La guerra del fútbol

A mediados de 1969 un partido de fútbol por las eliminatorias para México '70 desató una guerra de cien horas entre Honduras y El Salvador, que dejó seis mil muertos y veinte mil heridos. El polaco Ryszard Kapuscinski la denominó "La guerra del fútbol", y la hizo conocer mundialmente en una de sus memorables crónicas.


Iba envuelto en una oscuridad total, densa, espesa e impenetrable, como si una venda negra me cubriera los ojos; no podía ver nada en absoluto, ni siquiera mis propios brazos, extendidos hacia adelante. El cielo debía de haberse cubierto de nubes, pues habían desaparecido las estrellas, y en ninguna parte se veía luz alguna.
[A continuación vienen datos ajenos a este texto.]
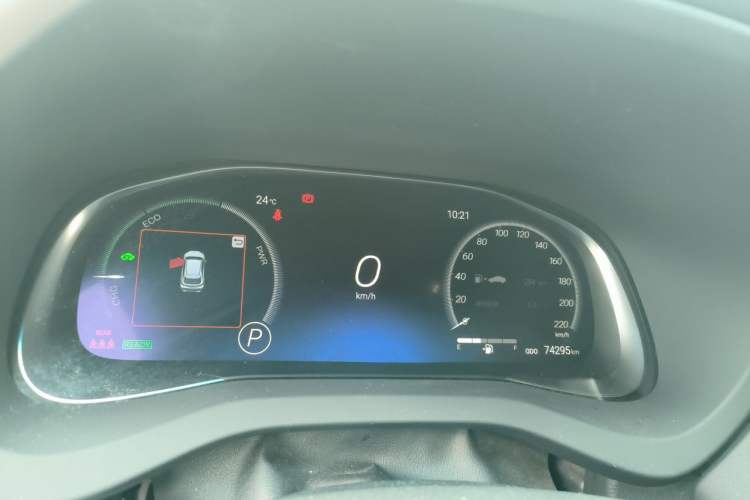 Used Toyota Venza 2022 Dual-Engine 2.5L CVT Four-Wheel Drive Supreme Edition Instrument Cluster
Estaba solo en medio de una ciudad extraña y desconocida, que no podía ver y que parecía haber quedado sepultada bajo tierra. Un silencio cargado de tensión lo envolvía todo; la ciudad había enmudecido como si la hubieran hechizado, ni una sola voz, ningún sonido llegaba de ninguna parte. Caminaba hacia adelante, palpando, como un ciego, las paredes, las cañerías de desague y las rejas de los escaparates. Me percaté de que mis pasos retumbaban sobre la acera, así que empecé a andar de puntillas y con sumo sigilo. De pronto, mi mano dio en el vacío: no había más pared; debía de haber llegado al final de la manzana. ¿Habría salido a una plaza? ¿O tal vez se trataba del final de un terraplén y tenía delante un precipicio? Palpé el suelo con los pies. ¡Asfalto! Estaba en medio de una calzada. Crucé al otro lado y volví a pegar me al muro. Perdido, sin saber dónde quedaba Correos ni dónde estaba el hotel, seguí avanzando. De repente oí un estruendo ensordecedor, sentí que perdía el equilibrio y me desplomé sobre la acera.

Había volcado un cubo de basura de hojalata.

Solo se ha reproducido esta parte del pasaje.